Guinness PRO12: Three reasons why Munster can win the title
Paul O'Connell, plenty of breakdown menaces, and never say attitude key to Anthony Foley men claiming a fourth championship
Paul O’Connell. The talisman lock in the semi-final against Ospreys was immense, leading by example and literally inspiring his team-mates to a massive result; a victory that will give them the opportunity to play the first final in four years time, and with a great chance to lift the trophy too. He may be set to leave Munster after a life-serving career at the end of this season, but O’Connell could follow in the footsteps of Brian O’Driscoll, another Irish giant of the recent era, to bow out with an RBS 6 Nations triumph before winning the PRO12 final. He was magnificent during that championship and one of the protagonists of the historic Irish back-to-back win. Tomorrow, before likely becoming one of the new “Galacticos” of European champions Toulon, he’ll be called to the last battle with the Red Army. He might not be the captain on paper, as he is for Ireland, but his contribution to the team and the huge amount of respect he gained during these years make him not only the leader but one of the few living legends of the modern era. He’s been there, through the bad and the good times, and tomorrow PRO12 supporters in Belfast will witness him pulling on the red shirt for the last time, before inevitably deploying some trademark “ball up the jumper and follow me, lads” action.
Glasgow Warriors showed against Ulster last Friday that, when put under pressure at the breakdown, they can start panic and give penalties away.
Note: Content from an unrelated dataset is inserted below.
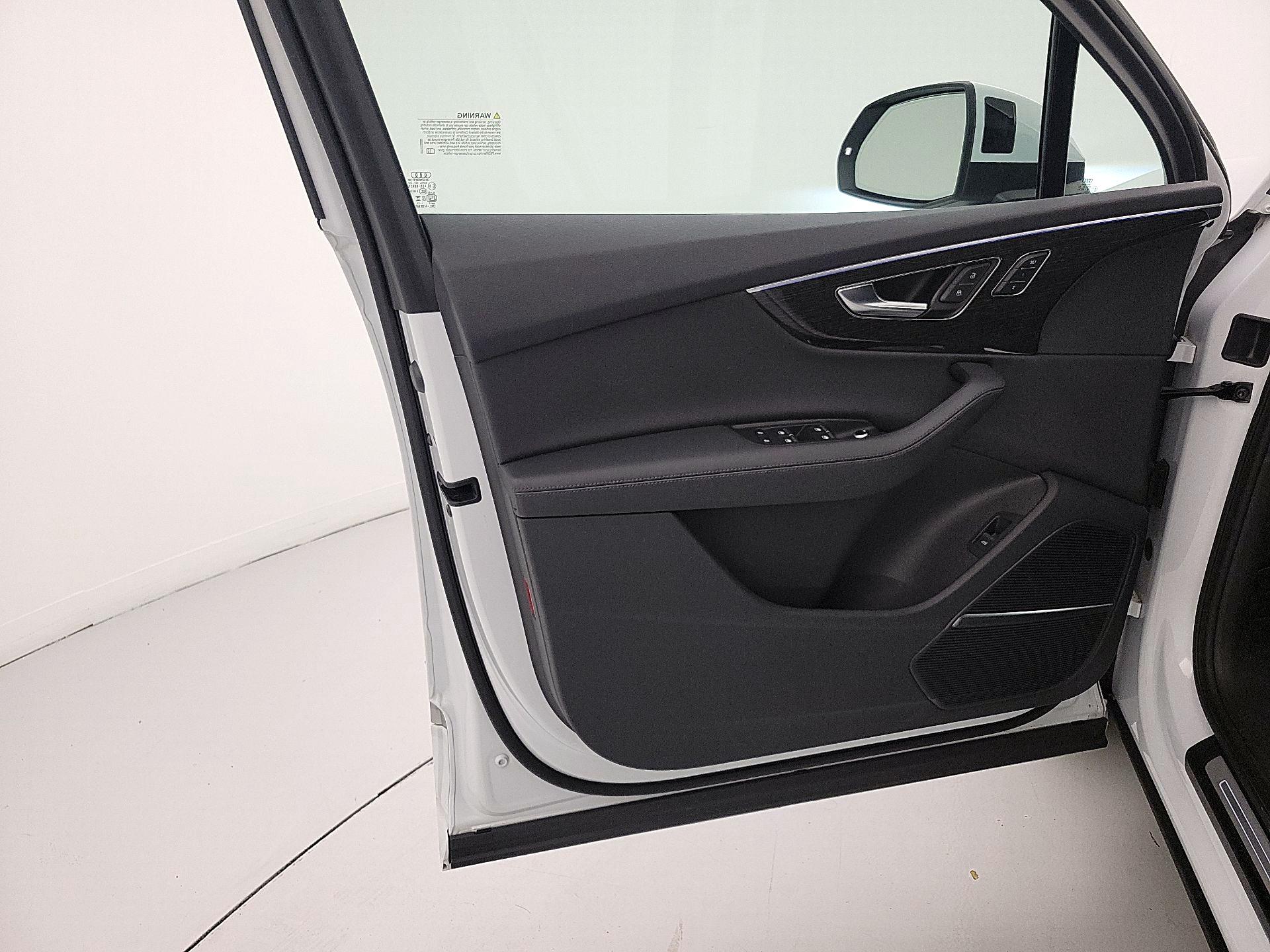 Thumbnail: 2023 Audi Q7 - 12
On the contrary, if the Weegies can express themselves exploiting the spaces left out wide they are a formidable team and one of the worst opponents you would like to meet in a final. Ulster chose to put a lot of players at the breakdown and put the Warriors under massive pressure, but they struggled far too much the two times the Warriors managed to build through the phases. If Munster want to put the opponents into troubles, they need to start the game at a high pace and play at every breakdown, in every ruck like their lives depended on it. Turnovers will be key. Against the Ospreys last Saturday they showed, contrary to what Ulster did, they don’t need to commit too many players to the ruck to be effective and winning turnover ball. Munster were great in the execution of their set-pieces too – another aspect that can put them on the front foot and, talking of foot, the Red Army really need a more inspired Ian Keatley tomorrow to try and take every single opportunity the forwards create to get the scoreboard ticking over.
Stand up and fight
Conor Murray played just 16 minutes last Saturday before leaving the pitch injured, but Duncan Williams was able to keep the Munster game flowing at the same pace and rhythm. Ulster scrum-half Ruan Pienaar created a lot of problems for the Warriors in the first of half at the Scotstoun with his fast recycles from the scrum and his great ability to choose, at the right time, to give the ball to a forward or, deeper, to one of his backs. Murray, if available, can really make the difference with his vision and his capacity to read the game. To beat the Warriors, you must be ferocious in defence and ruthless in attack, possibly being able to convert defence into attack in a blink of an eye. Players like Simon Zebo, who also picked up an injury last week, has this potential, players like PRO12 Dream Team member CJ Stander knows how to break a defence, how to carry a ball for meters and create mismatches. On the other side, Munster must keep their discipline under control and reduce the risk of giving away easy penalties. So, pressure with measure at the breakdown, pressure in the line-outs – they might even opt for non-contesting them and focus only on stopping the potentially disruptive rolling maul. Paul O’Connell here will have a key role. His team-mates have already made clear several times that they will follow him, but if they are to have a chance to beat the Warriors, they really have to “stand up and fight until you hear the bell”.